Barış Pınarı Harekatının başladığı günden itibaren Arnavutluk ve Kosova medyasında Türkiye karşıtı ve Türkiye’nin savaş suçları işlediği, Kürtlere katliamlar yaptığı, kimyasal silah kullanmış olabileceğine dair yalan haberler YPG-PKK teröristlerinin ise “vatanlarını savunan direnişçiler” tarzı propogandalar servis edilmeye başladı. Bu Türkiye karşıtı söylemler ağırlıklı sosyal medyada devam etti.
Hatta bazı ırkçı çevreler Türkiye’yi destekleyen Arnavutlara “Türk piçleri”, “satılık hainler” diye hakaretler savurmaya başladılar. Arnavutluk ve Kosova’da artan Türkiye karşıtı söylemlerin aslında üç temel kaynağı var.

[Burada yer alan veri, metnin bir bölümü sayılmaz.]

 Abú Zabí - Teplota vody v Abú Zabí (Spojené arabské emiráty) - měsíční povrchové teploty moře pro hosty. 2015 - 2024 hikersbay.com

Birincisi son 10 yıldır yükselişte olan Vatikan ve diğer Hıristiyan cemaatler tarafından desteklenen köktendincilik (Bu oluşumlar Arnavut milliyetçiliğini kendi köktendincilikleri için yem olarak kullanıyorlar). İkincisi Batı’ya ve Avrupa’ya yaranmak için Türkiye Düşmanlığı yapan bazı çevreler ve kuruluşlar. Üçüncüsü FETÖ’nün propogandaları.
Bu üç farklı oluşumlar görsel ve yazılı medyada,Sosyal medyada yapmış oldukları çalışmalar ile Türkiye ve Türkleri ”Arnavutların ezeli ve ebedi düşmanları” olarak lanse etmenin peşindeler.
Geçtiğimiz günlerde Gostivar’da bir okulda öğrencilerin yaptığı asker selamı ve Üsküp’te düzenlenen “Barış Pınarı Harekatına destek Mitingi” bu ırkçı çevrelerin daha da agresifleşmesine sebep oldu. Makedonya’da yaşayan Türk azınlığa ve Arnavutlara yönelik ağız dolusu hakaretler savurmaya başladılar. Kimileri Makedonya’daki Arnavutları “Türk ve Sırp-Yugoslav Piçleri”, “vatan haini” olduklarını, kimileri “Makedonya Arnavutlarının milli kimliklerinin yok olduğunu ve Araplar ile Türkler gibi yaşadıklarını” ve bazıları da oradaki Türklere “500 yıllık tarihi düşmanımız Arnavutlara soykırım yapan, katleden işgalci barbar Osmanlı’nın artıkları”, “İslam ve Türkler Arnavutların milli bilincini, kültür ve adetlerini yok etti” gibi palavraları ve efsaneleri dillendirerek hem Makedonya Türklerine hem de Makedonya Arnavutlarına hakaretler savurdular.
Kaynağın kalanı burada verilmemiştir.